◆ **REQUIRED WORK**: Among the entries below, please repeat exactly and only the lines from the line containing "Pyramide-3-D_LRG.jpg" to the line containing "adidas - アディダスオリジナルス 40周年限定 ハート柄 トラック", both lines included.

◆ **EXTRACTED RECORDS**:
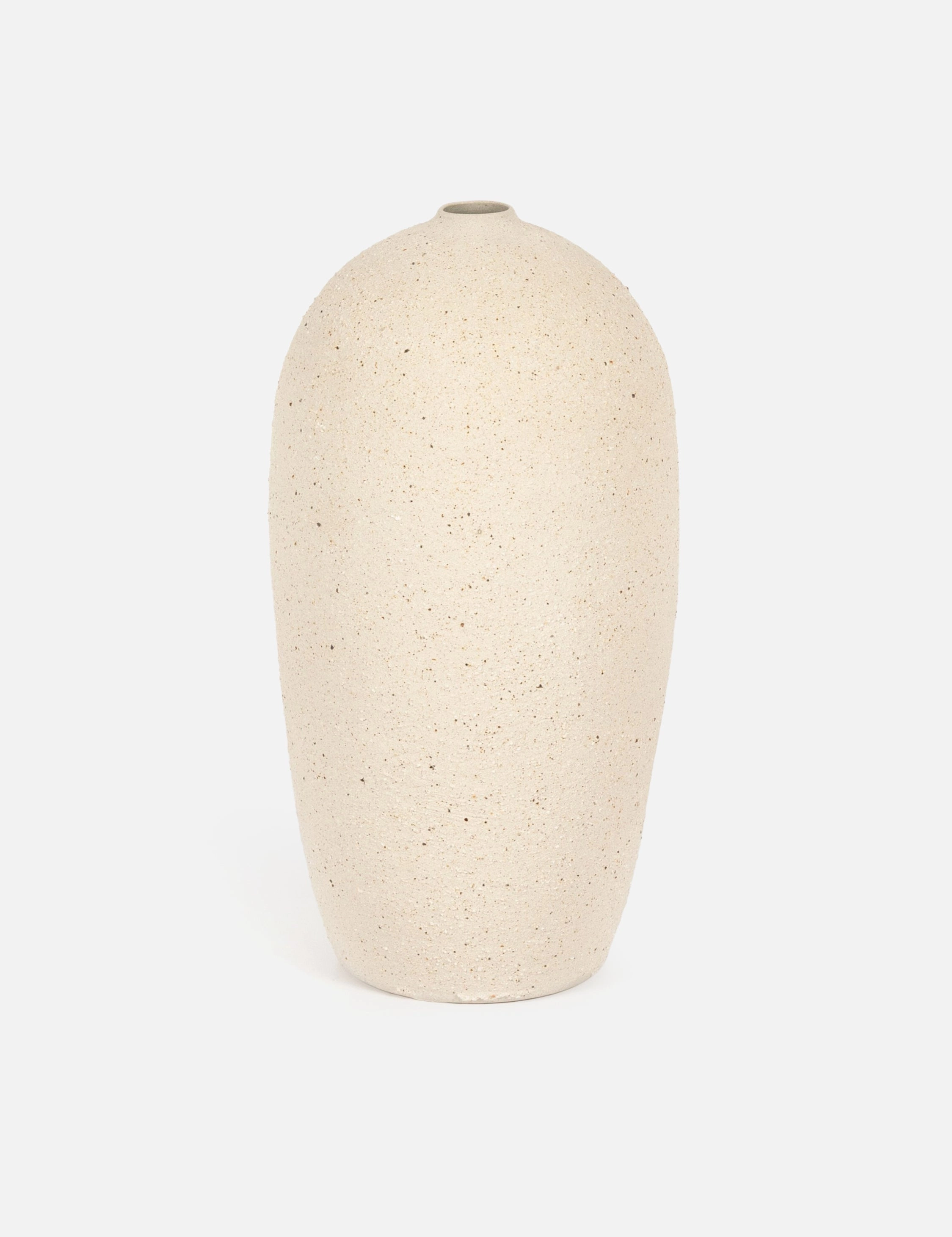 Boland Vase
---
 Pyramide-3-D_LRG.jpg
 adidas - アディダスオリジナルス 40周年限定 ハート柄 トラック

◆ **SOLUTION TO THIS TASK**:
 Pyramide-3-D_LRG.jpg
 adidas - アディダスオリジナルス 40周年限定 ハート柄 トラック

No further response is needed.